===== DATASET CONTENT

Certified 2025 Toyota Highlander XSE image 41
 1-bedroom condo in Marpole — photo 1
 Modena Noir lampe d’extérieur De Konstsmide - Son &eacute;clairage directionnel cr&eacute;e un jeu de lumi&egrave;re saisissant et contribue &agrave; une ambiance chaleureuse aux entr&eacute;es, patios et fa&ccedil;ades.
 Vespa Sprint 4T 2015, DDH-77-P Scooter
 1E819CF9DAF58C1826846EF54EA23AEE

==========

§ WHAT NEEDS TO BE DONE
Down to the last line, return the data above exactly.

§ SOLUTION TO THIS PROBLEM
Certified 2025 Toyota Highlander XSE image 41
 1-bedroom condo in Marpole — photo 1
 Modena Noir lampe d’extérieur De Konstsmide - Son &eacute;clairage directionnel cr&eacute;e un jeu de lumi&egrave;re saisissant et contribue &agrave; une ambiance chaleureuse aux entr&eacute;es, patios et fa&ccedil;ades.
 Vespa Sprint 4T 2015, DDH-77-P Scooter
 1E819CF9DAF58C1826846EF54EA23AEE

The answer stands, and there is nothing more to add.